Republicans are putting their feet down and refusing to throw another $50 billion into Detroit’s black hole. Democrats, meanwhile, don’t think they have the votes to ram the bailout home.
Has Bailout Nation finally drawn a line in the sand? We’re on the edge of our seats.
WSJ: The prospect of a government bailout of General Motors Corp. before the end of the year dimmed Thursday, with a leading Senate Democrat pointing to a lack of political will for a package and the top House Republican assailing the plans.
Senate Banking Committee Chairman Christopher Dodd said he knew of no Republicans who would support the Democrats’ $25 billion proposal and said he was disinclined to move a bill without bipartisan support.
“I’d want to be careful about bringing up a proposition that might fail,” given that a rescue plan would likely fare better under a President-elect Barack Obama administration, Sen.
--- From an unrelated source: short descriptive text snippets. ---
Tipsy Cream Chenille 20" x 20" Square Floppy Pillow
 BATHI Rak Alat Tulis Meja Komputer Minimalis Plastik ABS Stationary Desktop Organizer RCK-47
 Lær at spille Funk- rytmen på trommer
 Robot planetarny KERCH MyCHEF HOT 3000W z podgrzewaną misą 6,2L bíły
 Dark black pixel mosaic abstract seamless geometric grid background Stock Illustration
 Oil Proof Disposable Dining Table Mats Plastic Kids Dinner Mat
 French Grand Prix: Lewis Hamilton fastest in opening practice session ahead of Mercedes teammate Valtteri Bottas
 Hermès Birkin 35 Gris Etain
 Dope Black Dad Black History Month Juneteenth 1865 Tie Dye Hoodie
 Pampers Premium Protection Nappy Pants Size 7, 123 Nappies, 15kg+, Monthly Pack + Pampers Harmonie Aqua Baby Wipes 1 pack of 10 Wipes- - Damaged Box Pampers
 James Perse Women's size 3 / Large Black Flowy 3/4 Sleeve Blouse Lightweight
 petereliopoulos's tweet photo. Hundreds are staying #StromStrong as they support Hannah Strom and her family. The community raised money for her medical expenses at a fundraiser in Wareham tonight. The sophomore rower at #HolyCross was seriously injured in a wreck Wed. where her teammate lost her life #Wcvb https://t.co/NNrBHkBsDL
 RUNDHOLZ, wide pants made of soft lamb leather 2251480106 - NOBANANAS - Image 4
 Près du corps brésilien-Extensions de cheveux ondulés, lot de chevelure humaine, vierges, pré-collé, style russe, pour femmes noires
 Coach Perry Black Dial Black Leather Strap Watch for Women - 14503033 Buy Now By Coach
Dodd (D., Conn.) told reporters on Capitol Hill. “There’s some political considerations that need to be made over the next few days.”
Prominent Republicans have questioned bailing out Detroit’s long-struggling auto makers, and partisan differences threatened to derail the Democrats’ plans. House Minority Leader John Boehner of Ohio said Thursday that a multibillion-dollar rescue of Detroit auto makers would be “neither fair to taxpayers nor sound fiscal policy” without requiring dramatic reforms of the companies.
“What assurances will Democrats give taxpayers about their chances of getting their bailout money back?” Mr. Boehner asked in a statement, questioning why Democratic leaders haven’t insisted that auto makers produce a “credible plan to strengthen their financial health.”